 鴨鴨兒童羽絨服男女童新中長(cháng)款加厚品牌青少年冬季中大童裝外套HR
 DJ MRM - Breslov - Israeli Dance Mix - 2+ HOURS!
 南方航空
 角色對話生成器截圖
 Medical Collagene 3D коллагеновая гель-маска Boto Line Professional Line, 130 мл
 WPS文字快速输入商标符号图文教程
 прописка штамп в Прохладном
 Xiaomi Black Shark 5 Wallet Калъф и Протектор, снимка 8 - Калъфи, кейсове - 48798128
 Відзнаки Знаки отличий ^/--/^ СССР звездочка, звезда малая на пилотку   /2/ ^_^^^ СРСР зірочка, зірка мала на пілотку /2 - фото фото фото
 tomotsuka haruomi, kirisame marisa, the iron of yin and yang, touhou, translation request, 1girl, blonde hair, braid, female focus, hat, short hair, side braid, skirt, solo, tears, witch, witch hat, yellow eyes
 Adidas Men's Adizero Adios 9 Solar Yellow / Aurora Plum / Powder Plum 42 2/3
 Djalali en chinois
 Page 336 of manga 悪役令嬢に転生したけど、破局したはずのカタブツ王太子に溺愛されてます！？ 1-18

THE TASK: The records above should be restated exactly, line for line.

TASK ANSWER:
 鴨鴨兒童羽絨服男女童新中長(cháng)款加厚品牌青少年冬季中大童裝外套HR
 DJ MRM - Breslov - Israeli Dance Mix - 2+ HOURS!
 南方航空
 角色對話生成器截圖
 Medical Collagene 3D коллагеновая гель-маска Boto Line Professional Line, 130 мл
 WPS文字快速输入商标符号图文教程
 прописка штамп в Прохладном
 Xiaomi Black Shark 5 Wallet Калъф и Протектор, снимка 8 - Калъфи, кейсове - 48798128
 Відзнаки Знаки отличий ^/--/^ СССР звездочка, звезда малая на пилотку   /2/ ^_^^^ СРСР зірочка, зірка мала на пілотку /2 - фото фото фото
 tomotsuka haruomi, kirisame marisa, the iron of yin and yang, touhou, translation request, 1girl, blonde hair, braid, female focus, hat, short hair, side braid, skirt, solo, tears, witch, witch hat, yellow eyes
 Adidas Men's Adizero Adios 9 Solar Yellow / Aurora Plum / Powder Plum 42 2/3
 Djalali en chinois
 Page 336 of manga 悪役令嬢に転生したけど、破局したはずのカタブツ王太子に溺愛されてます！？ 1-18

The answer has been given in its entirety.